Support Questions
Find answers, ask questions, and share your expertise
Announcements
Alert: Welcome to the Unified Cloudera Community. Former HCC members be sure to read and learn how to activate your account here.

ORC file and Sequence file reading same data for a query with where clause?

ORC file and Sequence file reading same data for a query with where clause?

New Contributor
I have a table A with a column age (string) in it. (table size is 74GB, Hive 0.13)

Now I created a table B with same data as of A, but in ORC file format and also included sort by age while creating B.

 

Now when I run the query:

select count(id) from X where age=25;

 

The data read from B table is same as size of B (I expected predicate pushdown) and also the time taken in A is almost equal to B.

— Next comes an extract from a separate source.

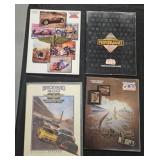 4 racing programs, Indy 500 & 1st Brickyard 400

Theoretically, because of predicate pushdown in ORC, a lot of data must have been skipped thus saving a lot of time. I suspect the indexes created in orc file are not getting read. I have tried almost everything. But nothing works. Please help with this.

5 REPLIES 5

Re: ORC file and Sequence file reading same data for a query with where clause?

Champion

is table stats being collected in the table b ? 

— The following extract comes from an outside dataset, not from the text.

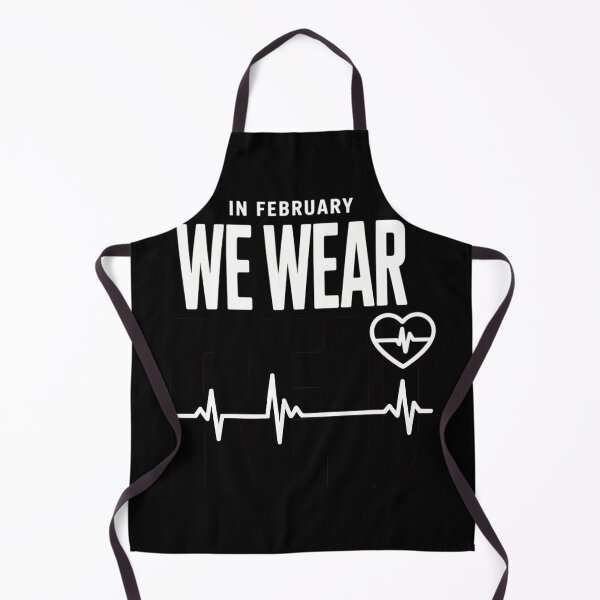 Item preview, in February We Go Red for Heart Disease Awareness designed and sold by lilensgavadur.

what was the file fomart being used in table a  ? 

do you have any compression ? 

what are you looking for throughput or lantenacy ? 

Re: ORC file and Sequence file reading same data for a query with where clause?

New Contributor

@csguna

Yes I have tried

SET hive.compute.query.using.stats=true;

SET hive.stats.fetch.column.stats=true;

Can you tell me which stats are these?

 

Table A was in sequence file format.

Yes by default ZLIB in enabled in B and snappy in A.

I am looking for latency.

Re: ORC file and Sequence file reading same data for a query with where clause?

Champion

Impala COMPUTE STATS statement  gathers both table and column statistics. 

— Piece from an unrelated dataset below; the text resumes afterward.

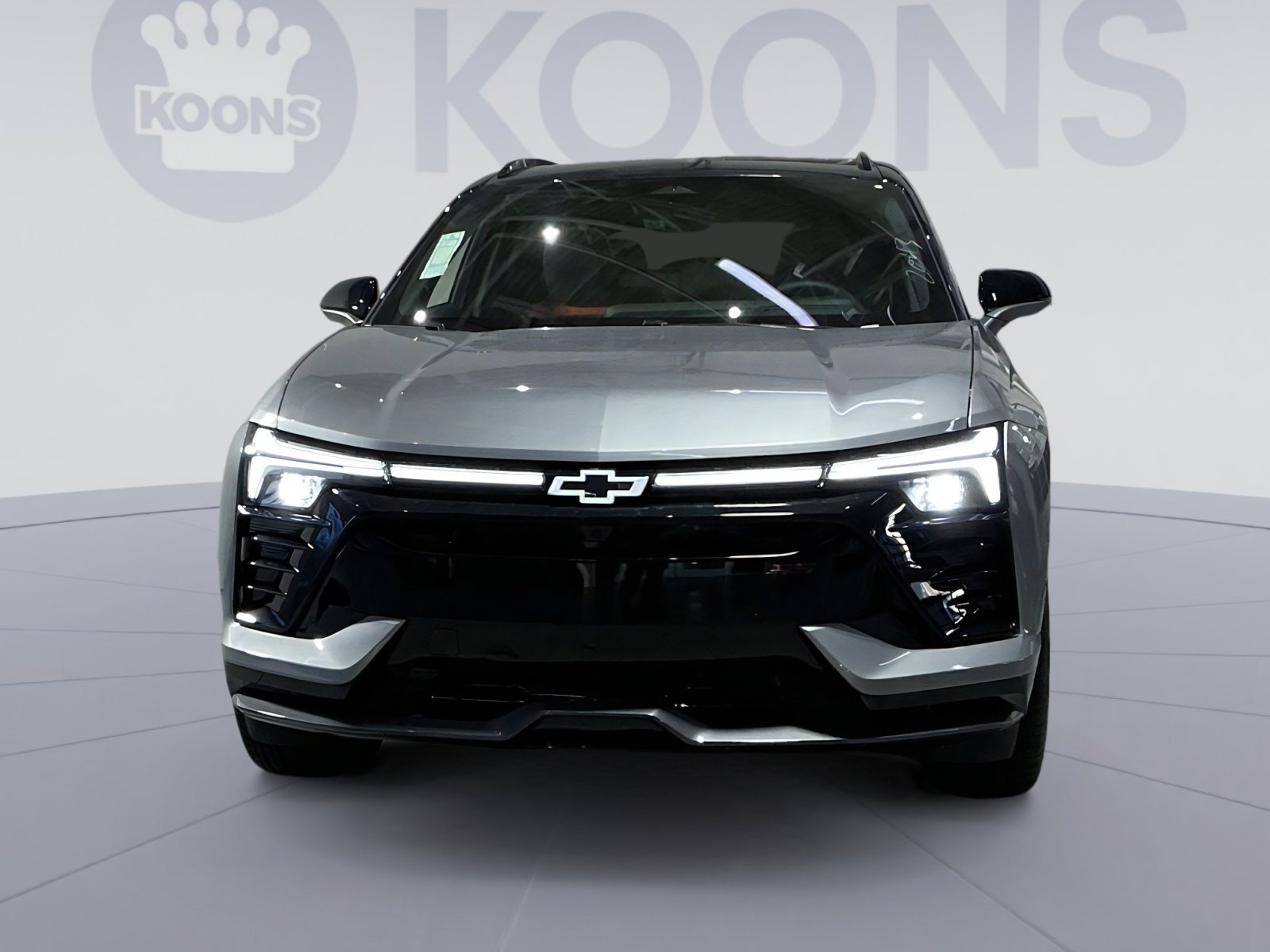 New 2026 Chevrolet Blazer EV SS image 19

that will help us in query optimization. 

if it is a partioned table consider using COMPUTE INCREMENTAL STATS.

Would you consider switiching to  parquet format it will work nice with large sets of data as it is also a coloumnar storage layout. 

 

is your table is partioned or bucketed ? 

 

hive.cbo.enable property - is it enabled  ? 

 

 

 

 

 

Re: ORC file and Sequence file reading same data for a query with where clause?

New Contributor

Actually not Impala but I run Hive 0.13.

My table is partitioned on date basis.

In Hive 0.13, I didn't found any CBO property.

Re: ORC file and Sequence file reading same data for a query with where clause?

Champion

I would suggest you to tweak the  stripe.size , index.stride based on the size of your ORC file . 

Let  me know if that helps